PROMPT:
No image is to be carried over; reproduce the rest of the listing word for word.

DATA PROVIDED:
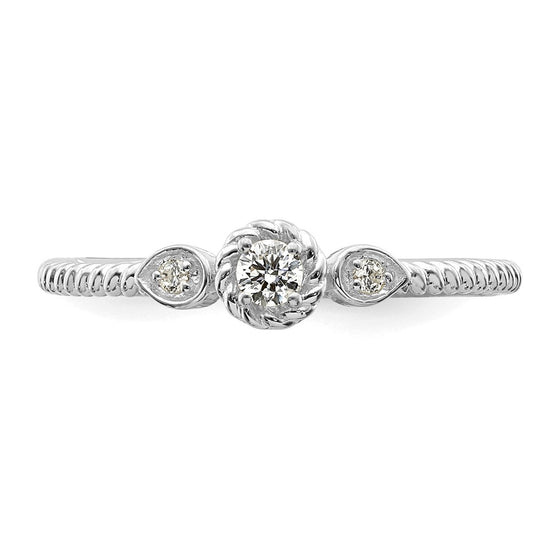Petite Round Diamond Promise Rings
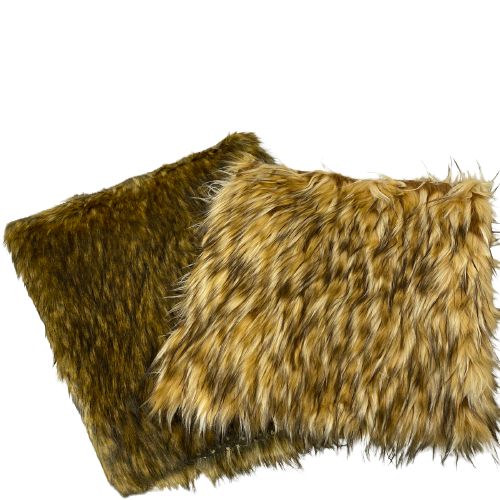 1 Yard Frost Tipped Husky Faux Fur Fabric  50% Acrylic, 50% Polyester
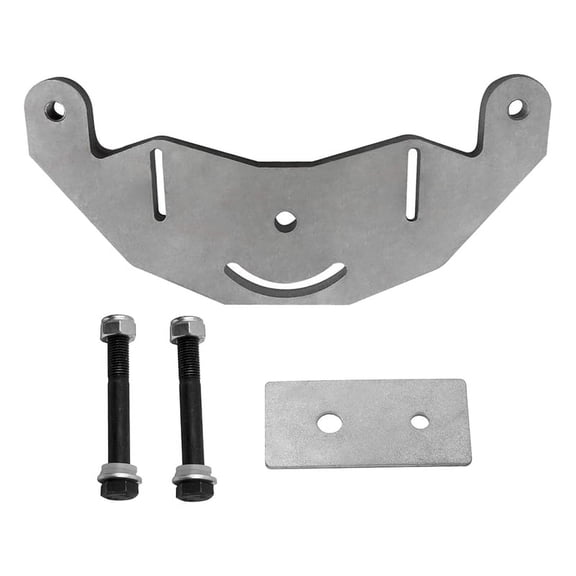 Belt Grinder D-Backing Plate for 2x72 inch Knife Making Grinder with Bolt Axles,1 x D-backing Plate 1 x Rectangular Spacer Plate 2 x Grade 8 Bolts(with Nylon Spacers),Silver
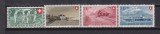 ELVETIA 1947 MI: 480-483 MNH, Nestampilat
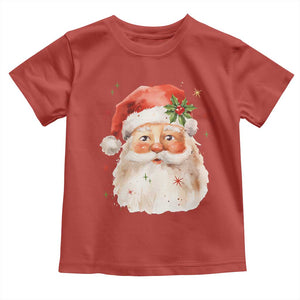Retro Vintage Christmas Santa Claus Face Xmas Old Fashioned Toddler T Shirt TS02 Red Print Your Wear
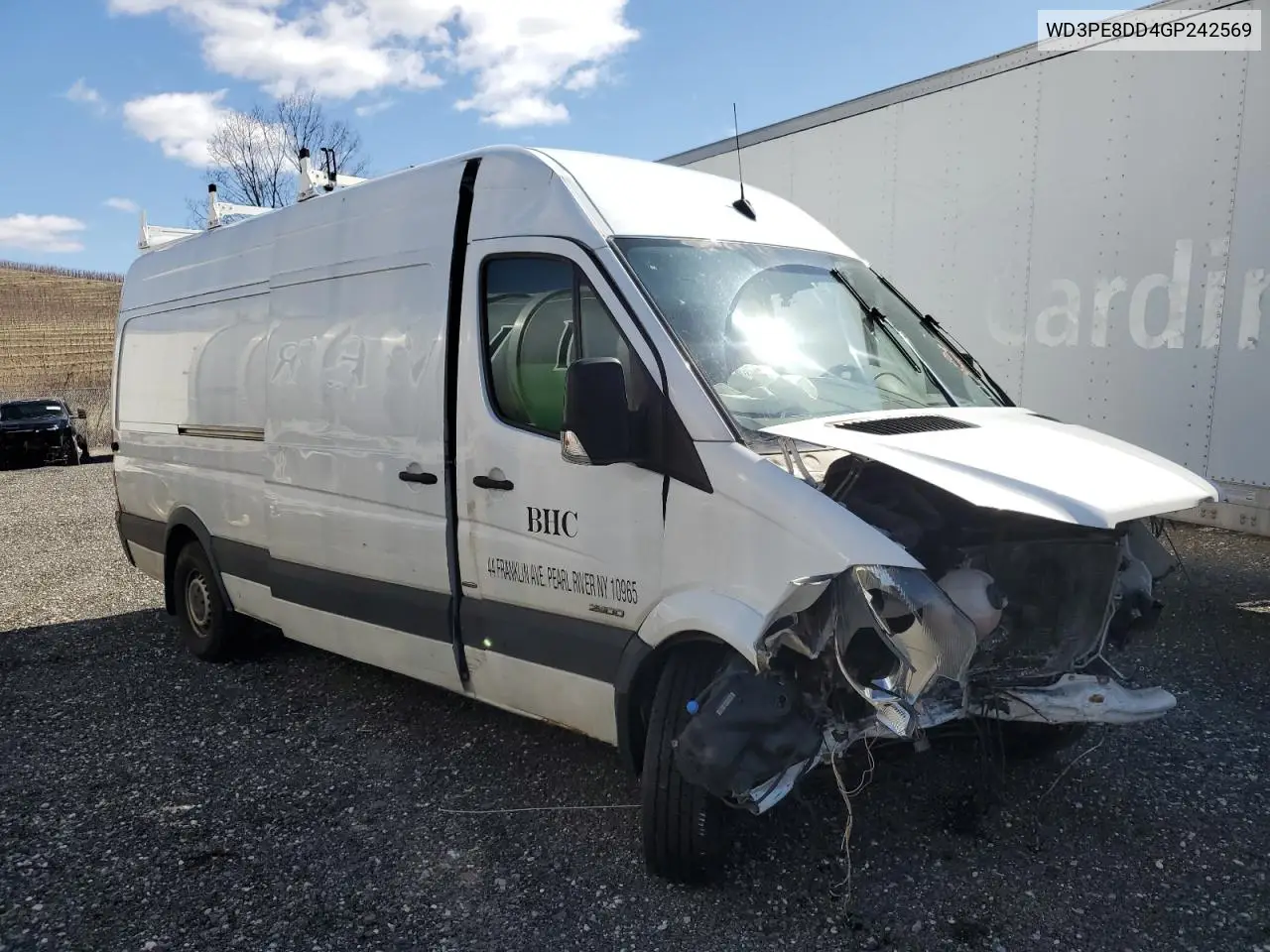 2016 Mercedes-Benz Sprinter 2500 VIN: WD3PE8DD4GP242569 Lot: 50219045
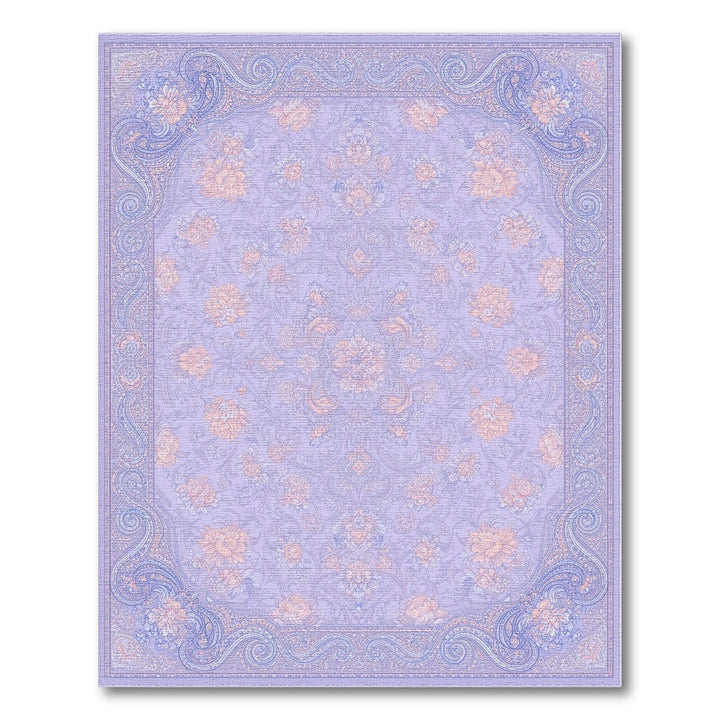 Purple Floral Vintage Area Rug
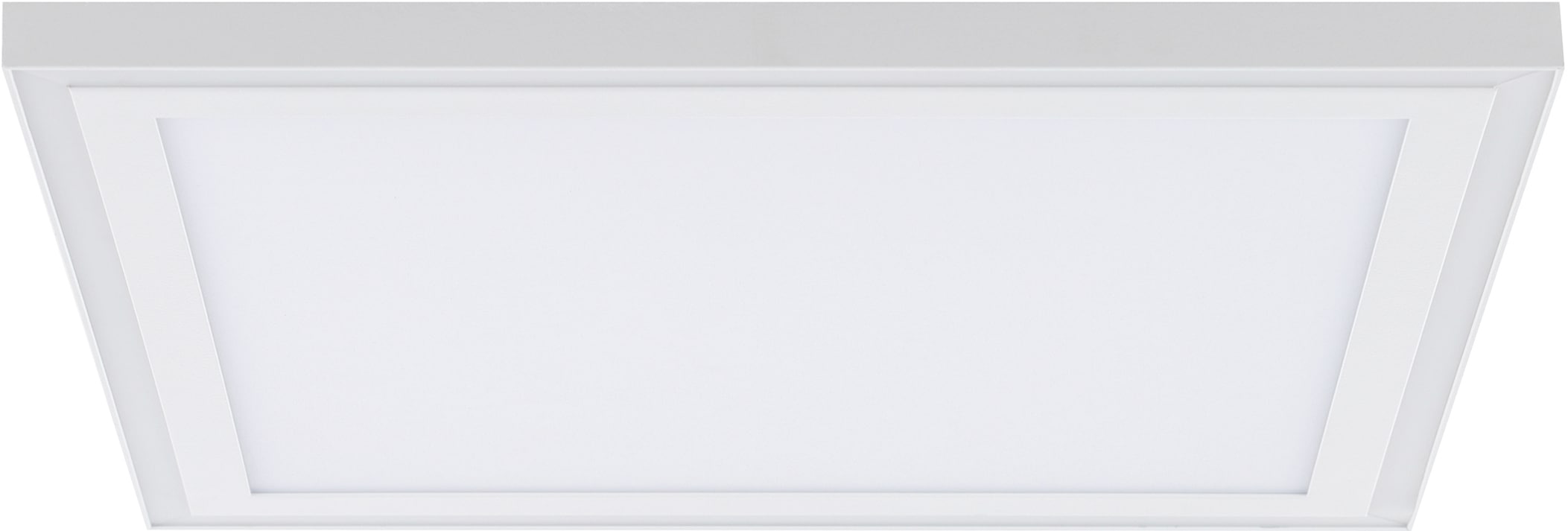 BRILLIANT LED Panel "Laurice", 1, H: 5cm, 1 Stk., weiß, Leuchten, 40x40 cm, dimmbar, CCT, Frame-Light, 2400 Lumen, Metall/Kunstst., weiß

EXERCISE OUTPUT:
Petite Round Diamond Promise Rings
 1 Yard Frost Tipped Husky Faux Fur Fabric  50% Acrylic, 50% Polyester
 Belt Grinder D-Backing Plate for 2x72 inch Knife Making Grinder with Bolt Axles,1 x D-backing Plate 1 x Rectangular Spacer Plate 2 x Grade 8 Bolts(with Nylon Spacers),Silver
 ELVETIA 1947 MI: 480-483 MNH, Nestampilat
Retro Vintage Christmas Santa Claus Face Xmas Old Fashioned Toddler T Shirt TS02 Red Print Your Wear
 2016 Mercedes-Benz Sprinter 2500 VIN: WD3PE8DD4GP242569 Lot: 50219045
 Purple Floral Vintage Area Rug
 BRILLIANT LED Panel "Laurice", 1, H: 5cm, 1 Stk., weiß, Leuchten, 40x40 cm, dimmbar, CCT, Frame-Light, 2400 Lumen, Metall/Kunstst., weiß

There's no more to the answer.